**DATA SECTION**.
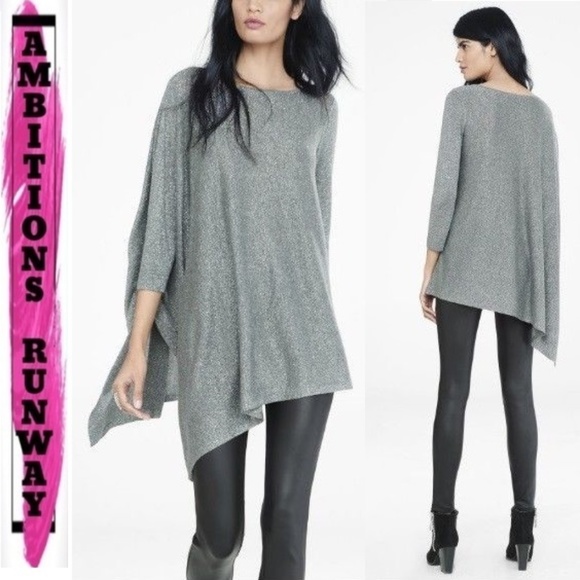 Express Sweaters - Express Gray Metallic Extreme Asymmetrical Sweater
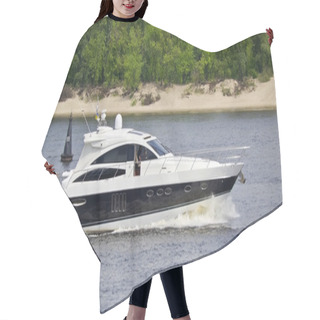 Personality  Motor Boat On The Lake Hair Cutting Cape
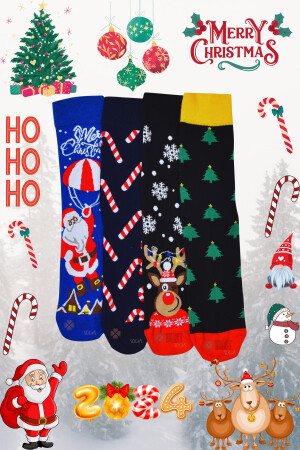 Unisex Yılbaşı Dikişsiz Noel Çorabı,desenli Ve Renkli Soket 4’lü Çorap Seti SCK2222222 - 1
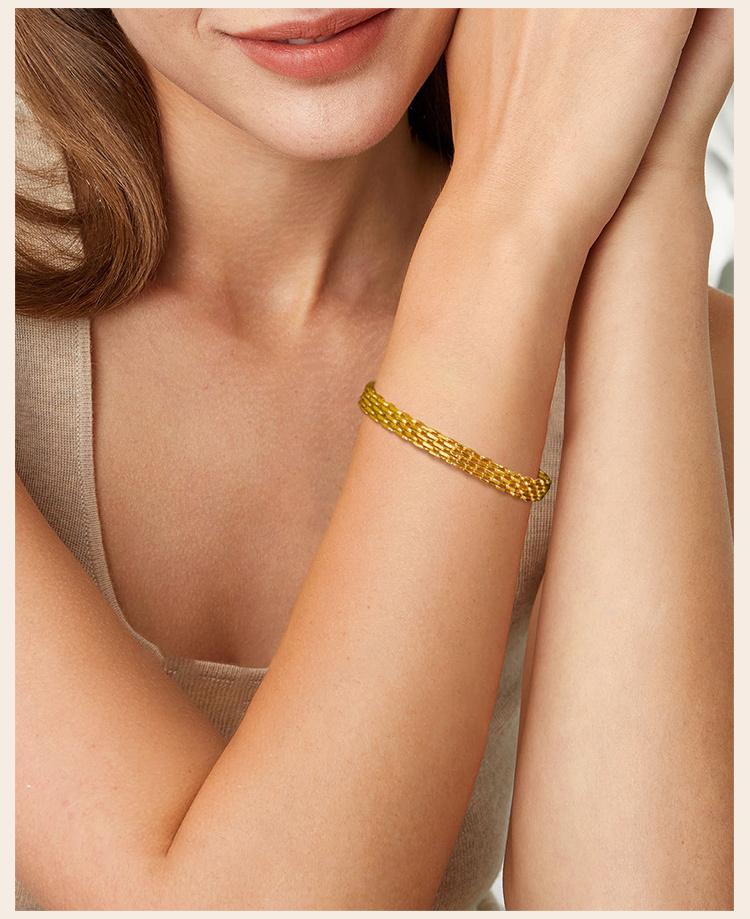 6mm Waterproof Mesh Link Chain Bracelet For Women, 18k Gold Plated Stainless Steel Adjustable, Non Tarnish Jewelry 17cm-21cm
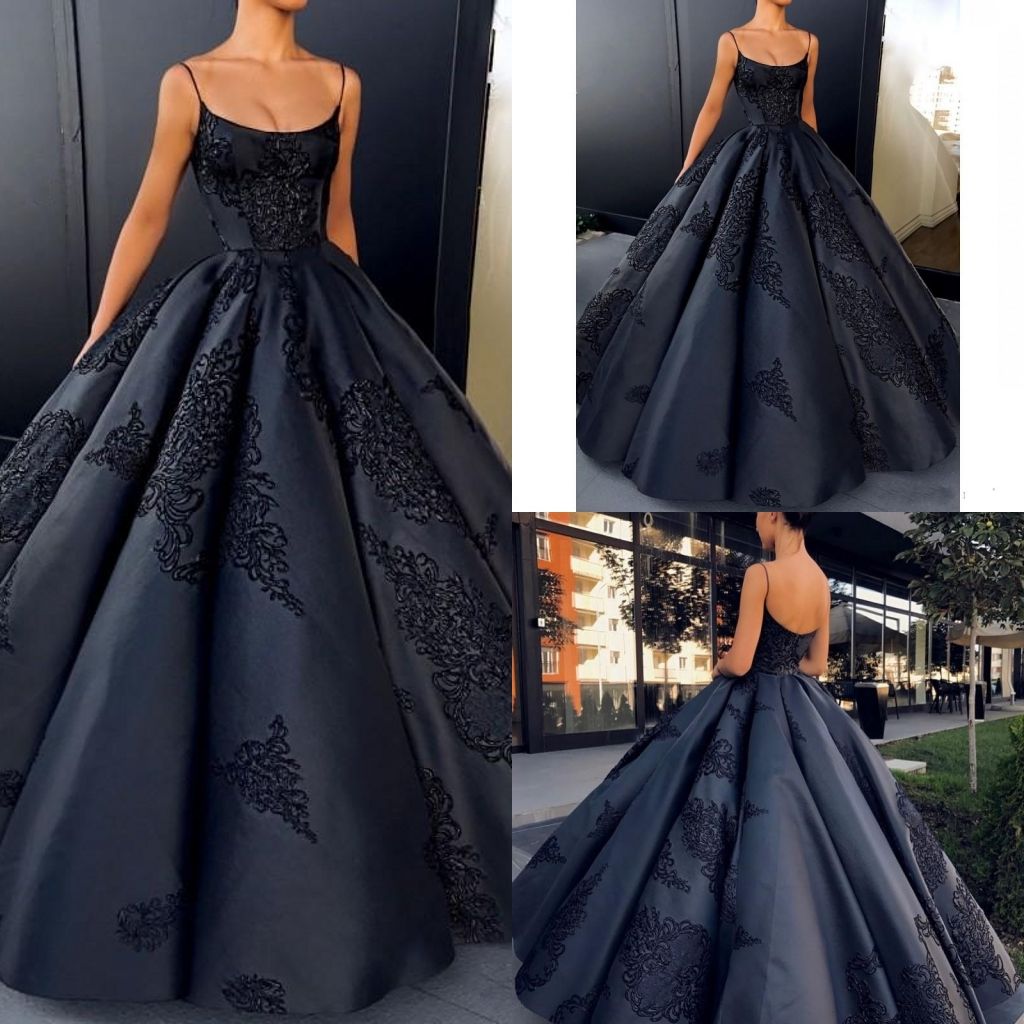 Dark Navy Backless Evening  Dresses  Ball  Gown  Plus  Size  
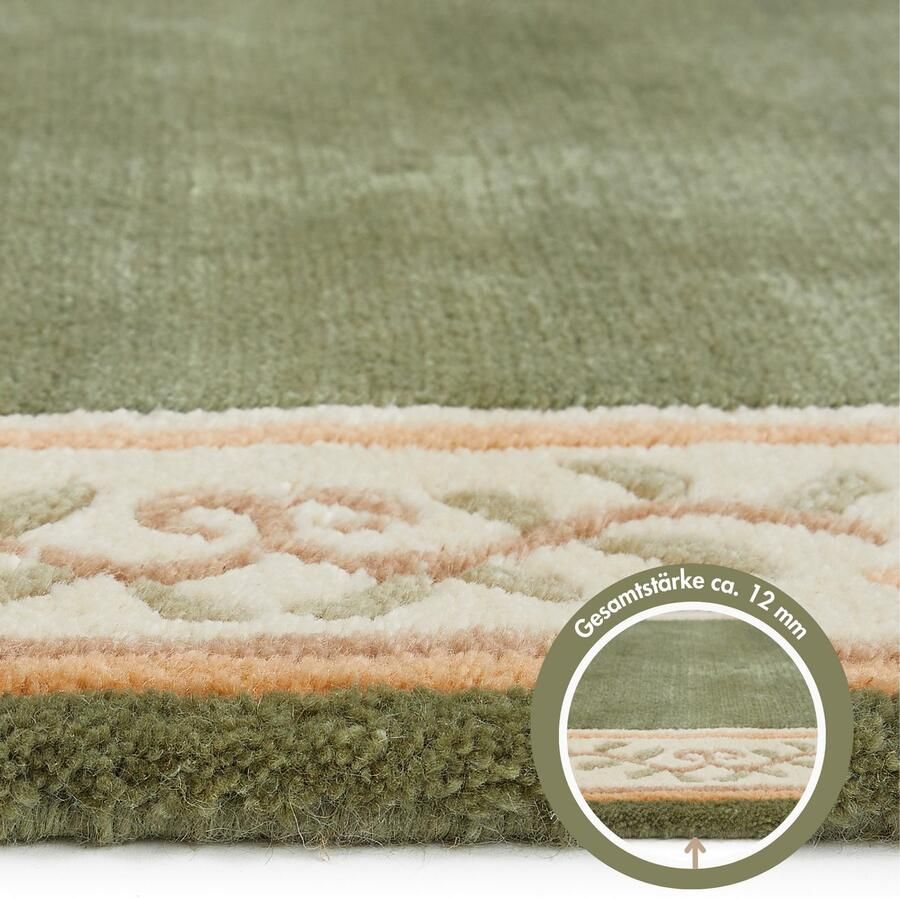 LUXOR living Wollen kleed Giza 100% wol handgeknoopt met bies en franjes - Foto 3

**THE PROBLEM**.
Leave the pictures behind and repeat each entry exactly.

**COMPLETED TASK**.
 Express Sweaters - Express Gray Metallic Extreme Asymmetrical Sweater
 Personality  Motor Boat On The Lake Hair Cutting Cape
 Unisex Yılbaşı Dikişsiz Noel Çorabı,desenli Ve Renkli Soket 4’lü Çorap Seti SCK2222222 - 1
 6mm Waterproof Mesh Link Chain Bracelet For Women, 18k Gold Plated Stainless Steel Adjustable, Non Tarnish Jewelry 17cm-21cm
 Dark Navy Backless Evening  Dresses  Ball  Gown  Plus  Size  
 LUXOR living Wollen kleed Giza 100% wol handgeknoopt met bies en franjes - Foto 3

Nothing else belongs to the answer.